The county paid attorneys George Mathews and James O. B. Scobey $37.50 a month rent for the south half of that building after the county seat was moved to Brookings from Medary.

The county clerk had impeccable penmanship – elegant and graceful.

Perusing those old minutes is fascinating. I learned that in 1884 the commissioners met on July 4. It may have been raining that day, so the firing of anvils and foot races on Main Avenue were cancelled and there was nothing else to do.

The three county commissioners then received $3 a day plus mileage. Getting around by horse and buggy was a big expense. The going rate was 10 cents a mile.

Among the expenses recorded in 1885 minutes were money for “lamp oil” and $4.50 so the sheriff could buy a pair of handcuffs.

Most of county business concerned building bridges and caring for the unfortunate. There were road supervisors enlisting landowners to work a certain number of hours keeping the roads passable in every township.

A bridge could be built for about $100 to $200. The first bridge over the Sioux River between Brookings and Volga cost $250.

The lone citizen board the county had was the Board of Insanity. The people of the county were generous to those in need.
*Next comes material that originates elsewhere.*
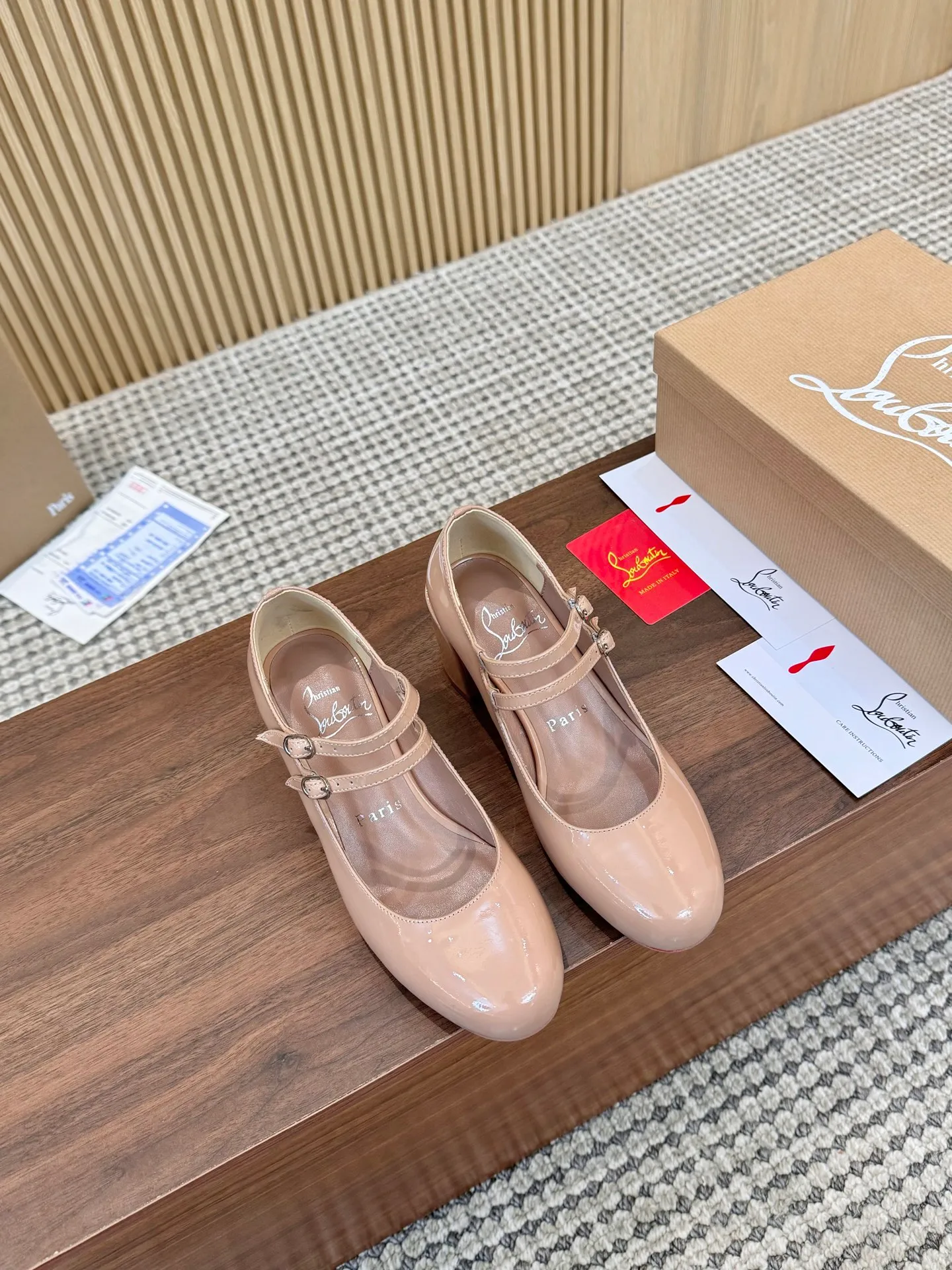 👟👟Ex-factory price 480👟👟 Genuine leather sole +40 Year-round shipment💝Christian Louboutin CL👠 "Patent Leather Series" Noble and luxurious, real blingbling✨ Real materials, all customized by the pattern maker, and the materials are made of original customized materials to achieve the taste of the original 6 color options💍Upper: Imported👉cow patent leather💪 Lining: Sheepskin foot pad/lining Size: 34-40.41.42 Heel height: 6.5cm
Then, the names of paupers, invalids, orphans and the insane were written out in the county minutes.

A smallpox epidemic visited Brookings County in the mid-1880s, and there is mention of buying groceries and a $6.50 wool mattress for a smallpox victim, and paying to have smallpox homes disinfected.

The Hammond family was particularly devastated by smallpox, and there is mention in the minutes of a $2 payment from the county to have a grave dug for a Hammond who died, and another allocation of $10 for a coffin.

Commissioner Thomas Qualey submitted a bill of $2 for payment of shoes he purchased for Sammy Smith, listed in the minutes as “a pauper.” A man named Peterson cared for the two Fjeseth orphans and received a monthly stipend from the county to cover the cost of keeping them.

Taxes for county purposes amounted to about six or seven mills, or $6 or $7 dollars on each $1,000 personal and property valuation. Remember, this is when the state’s attorney only made $175.50 a quarter, and a physician called to testify in district court got $5 for his time. The county auditor made $199.50 quarterly, but with no Social Security or IRS deductions.

A bonanza for the county coffers was the sale of liquor licenses that sold for $500 a year. Today, the county charge for these licenses is based on the going rate for licenses in nearby cities and counties.

In early January 1885, at the first meeting of the commissioners in the brand new wood-frame county courthouse, commissioners approved nine liquor licenses, two in Volga, three in Elkton, one in Aurora and three in Brookings. The saloonkeepers in White and Bruce probably got theirs in February.

It was a fairly simple matter to get a license, but after some prohibitionists showed up in 1884 and shook their fists (the written record called it a “remonstrance”), the commissioners made one concession.

They decided that before a citizen could get a license, they had to be judged by the commissioners as “proper persons.” So far as we know, Brookings County has never had an “improper person” receive a liquor license.

Fortunately, today’s minutes are typed, but future historians will have a devil of a time trying to decipher the cursive minutes I’ve just discussed.  

In some cases, history will start with the days when the art of writing ended and printing became the mode, and that’s too bad for history’s sake.